TASK DIRECTIONS
A word-for-word repeat of the records below is what this calls for.

[Items from a dataset]
%%
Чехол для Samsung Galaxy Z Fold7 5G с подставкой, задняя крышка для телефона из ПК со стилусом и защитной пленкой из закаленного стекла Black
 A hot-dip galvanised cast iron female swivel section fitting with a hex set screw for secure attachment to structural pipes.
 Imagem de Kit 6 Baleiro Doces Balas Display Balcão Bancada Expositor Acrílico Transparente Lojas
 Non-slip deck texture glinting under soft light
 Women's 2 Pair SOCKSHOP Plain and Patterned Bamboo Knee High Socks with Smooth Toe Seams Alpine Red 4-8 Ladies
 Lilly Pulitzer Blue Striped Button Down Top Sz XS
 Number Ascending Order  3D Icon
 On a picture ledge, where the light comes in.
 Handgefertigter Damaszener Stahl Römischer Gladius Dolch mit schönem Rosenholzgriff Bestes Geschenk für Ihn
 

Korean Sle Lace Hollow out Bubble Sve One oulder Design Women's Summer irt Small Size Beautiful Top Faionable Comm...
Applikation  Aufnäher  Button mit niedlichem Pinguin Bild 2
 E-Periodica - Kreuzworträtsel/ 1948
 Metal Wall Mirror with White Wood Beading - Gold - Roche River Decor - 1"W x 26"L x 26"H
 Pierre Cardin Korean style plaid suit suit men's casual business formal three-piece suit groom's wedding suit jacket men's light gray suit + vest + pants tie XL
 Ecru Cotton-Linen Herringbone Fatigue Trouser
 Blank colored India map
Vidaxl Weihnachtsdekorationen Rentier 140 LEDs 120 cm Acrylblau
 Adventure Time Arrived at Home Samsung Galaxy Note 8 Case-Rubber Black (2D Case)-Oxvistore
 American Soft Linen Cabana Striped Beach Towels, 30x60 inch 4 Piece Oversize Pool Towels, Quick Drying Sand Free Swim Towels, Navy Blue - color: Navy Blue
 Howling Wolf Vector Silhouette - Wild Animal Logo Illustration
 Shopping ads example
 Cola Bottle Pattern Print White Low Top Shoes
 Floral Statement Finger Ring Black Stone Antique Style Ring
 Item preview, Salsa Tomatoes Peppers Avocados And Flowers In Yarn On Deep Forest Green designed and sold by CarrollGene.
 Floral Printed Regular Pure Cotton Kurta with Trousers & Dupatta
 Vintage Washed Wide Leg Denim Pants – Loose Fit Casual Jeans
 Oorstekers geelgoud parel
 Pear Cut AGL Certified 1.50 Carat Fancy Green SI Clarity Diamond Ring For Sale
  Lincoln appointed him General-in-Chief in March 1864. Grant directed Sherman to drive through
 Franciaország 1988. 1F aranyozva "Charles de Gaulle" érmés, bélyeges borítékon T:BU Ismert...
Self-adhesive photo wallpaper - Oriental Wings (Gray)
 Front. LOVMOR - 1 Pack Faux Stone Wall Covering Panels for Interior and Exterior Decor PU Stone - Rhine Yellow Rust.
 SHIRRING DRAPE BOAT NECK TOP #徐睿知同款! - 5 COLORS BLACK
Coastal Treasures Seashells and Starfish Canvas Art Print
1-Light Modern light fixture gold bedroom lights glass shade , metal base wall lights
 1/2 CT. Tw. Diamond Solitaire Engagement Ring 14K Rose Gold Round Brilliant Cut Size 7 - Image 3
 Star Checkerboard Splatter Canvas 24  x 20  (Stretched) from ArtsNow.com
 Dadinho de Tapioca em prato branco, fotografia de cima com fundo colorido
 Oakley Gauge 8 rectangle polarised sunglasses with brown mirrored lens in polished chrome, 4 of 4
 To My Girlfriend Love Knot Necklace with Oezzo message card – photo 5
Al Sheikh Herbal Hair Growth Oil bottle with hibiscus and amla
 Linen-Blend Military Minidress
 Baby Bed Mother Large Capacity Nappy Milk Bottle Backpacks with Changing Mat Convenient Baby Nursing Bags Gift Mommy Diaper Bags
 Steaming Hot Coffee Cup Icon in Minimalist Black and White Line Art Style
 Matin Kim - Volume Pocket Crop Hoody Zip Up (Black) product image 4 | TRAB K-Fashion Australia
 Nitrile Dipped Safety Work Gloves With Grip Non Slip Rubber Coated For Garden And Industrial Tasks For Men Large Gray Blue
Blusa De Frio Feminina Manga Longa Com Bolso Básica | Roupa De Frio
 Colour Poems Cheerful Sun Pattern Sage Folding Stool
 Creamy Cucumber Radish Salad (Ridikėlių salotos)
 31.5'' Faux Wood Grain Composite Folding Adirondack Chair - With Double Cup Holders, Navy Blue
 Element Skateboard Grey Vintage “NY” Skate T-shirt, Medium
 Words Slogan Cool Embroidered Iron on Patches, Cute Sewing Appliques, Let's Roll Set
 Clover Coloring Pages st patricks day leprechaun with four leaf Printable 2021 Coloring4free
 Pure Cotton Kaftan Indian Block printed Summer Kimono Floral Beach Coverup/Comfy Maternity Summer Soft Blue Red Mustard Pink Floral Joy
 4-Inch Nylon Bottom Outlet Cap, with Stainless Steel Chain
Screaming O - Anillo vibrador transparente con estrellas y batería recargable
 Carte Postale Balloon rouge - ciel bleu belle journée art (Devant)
%%
ANSWER BELOW
Чехол для Samsung Galaxy Z Fold7 5G с подставкой, задняя крышка для телефона из ПК со стилусом и защитной пленкой из закаленного стекла Black
 A hot-dip galvanised cast iron female swivel section fitting with a hex set screw for secure attachment to structural pipes.
 Imagem de Kit 6 Baleiro Doces Balas Display Balcão Bancada Expositor Acrílico Transparente Lojas
 Non-slip deck texture glinting under soft light
 Women's 2 Pair SOCKSHOP Plain and Patterned Bamboo Knee High Socks with Smooth Toe Seams Alpine Red 4-8 Ladies
 Lilly Pulitzer Blue Striped Button Down Top Sz XS
 Number Ascending Order  3D Icon
 On a picture ledge, where the light comes in.
 Handgefertigter Damaszener Stahl Römischer Gladius Dolch mit schönem Rosenholzgriff Bestes Geschenk für Ihn
 

Korean Sle Lace Hollow out Bubble Sve One oulder Design Women's Summer irt Small Size Beautiful Top Faionable Comm...
Applikation  Aufnäher  Button mit niedlichem Pinguin Bild 2
 E-Periodica - Kreuzworträtsel/ 1948
 Metal Wall Mirror with White Wood Beading - Gold - Roche River Decor - 1"W x 26"L x 26"H
 Pierre Cardin Korean style plaid suit suit men's casual business formal three-piece suit groom's wedding suit jacket men's light gray suit + vest + pants tie XL
 Ecru Cotton-Linen Herringbone Fatigue Trouser
 Blank colored India map
Vidaxl Weihnachtsdekorationen Rentier 140 LEDs 120 cm Acrylblau
 Adventure Time Arrived at Home Samsung Galaxy Note 8 Case-Rubber Black (2D Case)-Oxvistore
 American Soft Linen Cabana Striped Beach Towels, 30x60 inch 4 Piece Oversize Pool Towels, Quick Drying Sand Free Swim Towels, Navy Blue - color: Navy Blue
 Howling Wolf Vector Silhouette - Wild Animal Logo Illustration
 Shopping ads example
 Cola Bottle Pattern Print White Low Top Shoes
 Floral Statement Finger Ring Black Stone Antique Style Ring
 Item preview, Salsa Tomatoes Peppers Avocados And Flowers In Yarn On Deep Forest Green designed and sold by CarrollGene.
 Floral Printed Regular Pure Cotton Kurta with Trousers & Dupatta
 Vintage Washed Wide Leg Denim Pants – Loose Fit Casual Jeans
 Oorstekers geelgoud parel
 Pear Cut AGL Certified 1.50 Carat Fancy Green SI Clarity Diamond Ring For Sale
  Lincoln appointed him General-in-Chief in March 1864. Grant directed Sherman to drive through
 Franciaország 1988. 1F aranyozva "Charles de Gaulle" érmés, bélyeges borítékon T:BU Ismert...
Self-adhesive photo wallpaper - Oriental Wings (Gray)
 Front. LOVMOR - 1 Pack Faux Stone Wall Covering Panels for Interior and Exterior Decor PU Stone - Rhine Yellow Rust.
 SHIRRING DRAPE BOAT NECK TOP #徐睿知同款! - 5 COLORS BLACK
Coastal Treasures Seashells and Starfish Canvas Art Print
1-Light Modern light fixture gold bedroom lights glass shade , metal base wall lights
 1/2 CT. Tw. Diamond Solitaire Engagement Ring 14K Rose Gold Round Brilliant Cut Size 7 - Image 3
 Star Checkerboard Splatter Canvas 24  x 20  (Stretched) from ArtsNow.com
 Dadinho de Tapioca em prato branco, fotografia de cima com fundo colorido
 Oakley Gauge 8 rectangle polarised sunglasses with brown mirrored lens in polished chrome, 4 of 4
 To My Girlfriend Love Knot Necklace with Oezzo message card – photo 5
Al Sheikh Herbal Hair Growth Oil bottle with hibiscus and amla
 Linen-Blend Military Minidress
 Baby Bed Mother Large Capacity Nappy Milk Bottle Backpacks with Changing Mat Convenient Baby Nursing Bags Gift Mommy Diaper Bags
 Steaming Hot Coffee Cup Icon in Minimalist Black and White Line Art Style
 Matin Kim - Volume Pocket Crop Hoody Zip Up (Black) product image 4 | TRAB K-Fashion Australia
 Nitrile Dipped Safety Work Gloves With Grip Non Slip Rubber Coated For Garden And Industrial Tasks For Men Large Gray Blue
Blusa De Frio Feminina Manga Longa Com Bolso Básica | Roupa De Frio
 Colour Poems Cheerful Sun Pattern Sage Folding Stool
 Creamy Cucumber Radish Salad (Ridikėlių salotos)
 31.5'' Faux Wood Grain Composite Folding Adirondack Chair - With Double Cup Holders, Navy Blue
 Element Skateboard Grey Vintage “NY” Skate T-shirt, Medium
 Words Slogan Cool Embroidered Iron on Patches, Cute Sewing Appliques, Let's Roll Set
 Clover Coloring Pages st patricks day leprechaun with four leaf Printable 2021 Coloring4free
 Pure Cotton Kaftan Indian Block printed Summer Kimono Floral Beach Coverup/Comfy Maternity Summer Soft Blue Red Mustard Pink Floral Joy
 4-Inch Nylon Bottom Outlet Cap, with Stainless Steel Chain
Screaming O - Anillo vibrador transparente con estrellas y batería recargable
 Carte Postale Balloon rouge - ciel bleu belle journée art (Devant)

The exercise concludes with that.